Tuesday, October 26, 1999

Mason students' creativity flies high

Vinyl scraps become kite sculpture

Enquirer Contributor

        MASON — Second-graders Lucas White, Scott Strait and A.J. Spaeth sat at a back table in the art room at Mason Heights Elementary School on Monday, surrounded by brightly colored scraps of vinyl, each child cutting out a favorite shape using rounded safety scissors.

        Before them sat a 24- to 30-inch-long, kite-shaped piece of metal once used as a road sign by the Ohio Department of Transportation. It was the boys' task to cover the kite with the vinyl shapes — the same vinyl used on school buses and outdoor signs — before a similarly decorated metal tail was bolted on.

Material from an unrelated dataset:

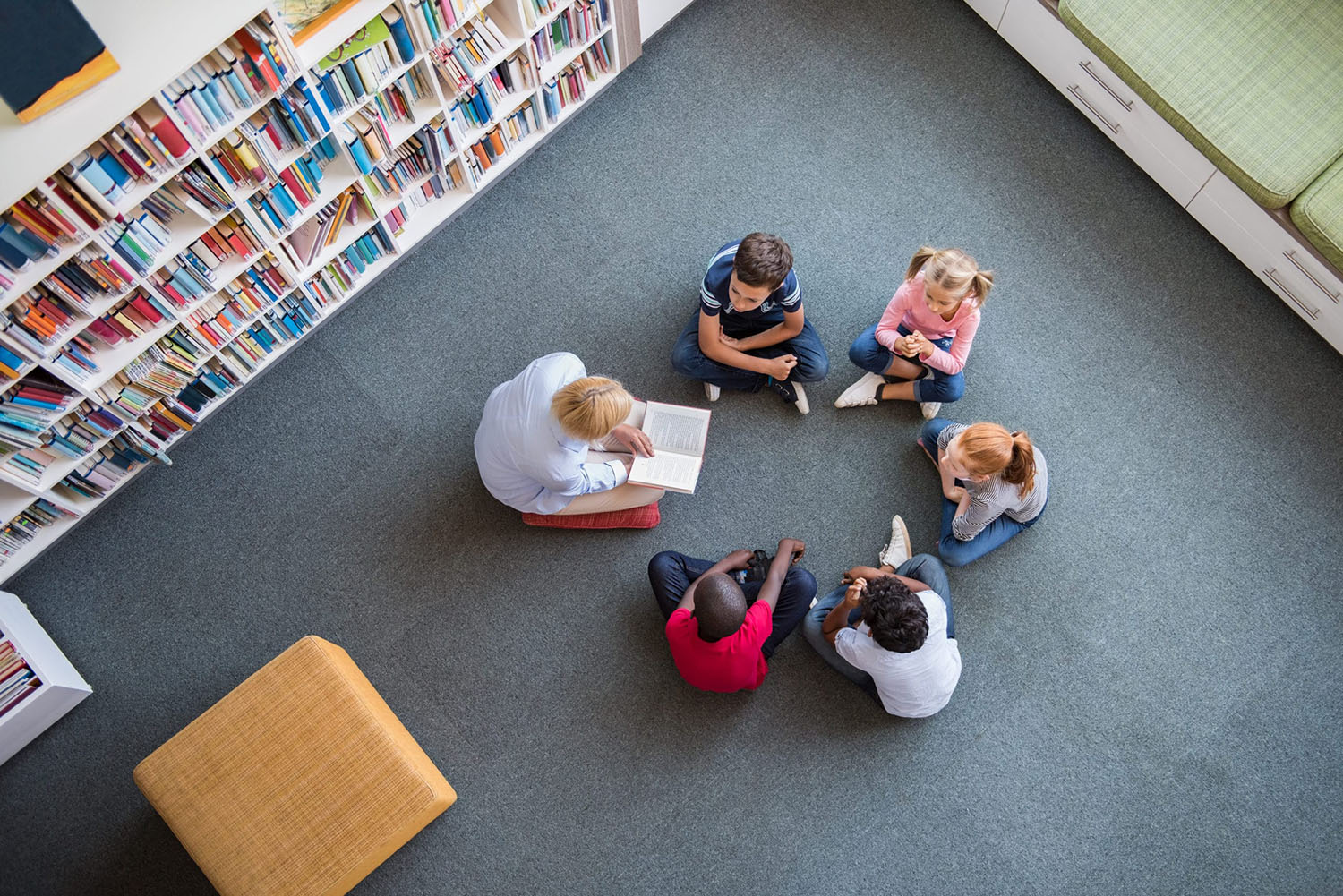 children sat in circle with teacher reading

        The kite is one of several metal forms that will be bolted onto six metal Olympic rings and then mounted on a 30-foot wooden pole outside the school's art room. The design was created by the students under the supervision of Indiana artist Joe LaMantia.

        Every child in the school — and many parents — will have participated in the creation of the sculpture by the time it is finished Thursday, when Mr. LaMantia ends a 10-day artist in residency program.

        “The hardest part is the cutting,” said Lucas, 7, scrunching his face while cutting a tiny blue circle. “I'm trying to cut littler.”

        Scott likened the work they were doing to putting stickers in a book.

        “It's fun because I like using stickers a lot and these are kind of like stickers,” said Scott, 7.

        The theme, Reaching for the Heights, follows the school's theme, said art teacher Kerry Kronenberger.

        The sculpture incorporates the school's name with one of the children's favorite spring activities — their Olympic games.

        The children traced objects that remind them of heights — butterflies, spaceships, birds and hot air balloons — onto rolled metal that was cut out by students at Scarlet Oaks Vocational School.

        The Mason Heights first- and second-graders painted each of the objects and added vinyl where appropriate. The shapes and kites will be bolted onto the metal rings — 12 bolts on each ring — and then the rings will be mounted on the pole.

        The children painted the pole purple with circles of colors. It will be set 5 feet into the ground today.

        “I like the fact that the children get to be part of the collaboration,” said parent Michelle Heywood, who helped cut vinyl strips with her daughter Katie's first-grade class. “They had to work together to make sure we didn't have any bubbles.”

        Flexibility and involving all the children was the key to the project's success, Mr. LaMantia said.

        “I think it's great for this age to be around this process,” said Mr. LaMantia, dressed in a paint-splattered jumpsuit, during a break. “We're a team. As an artist, I want to create a professional product. As a teacher, I want the children to enjoy the process as much as the product. This is something they'll come back to because they had a part in it.”

        The bottom of the sculpture will have removable vinyl flags representing the countries that participate in the Olympics. Families made the flags during a community workday Saturday.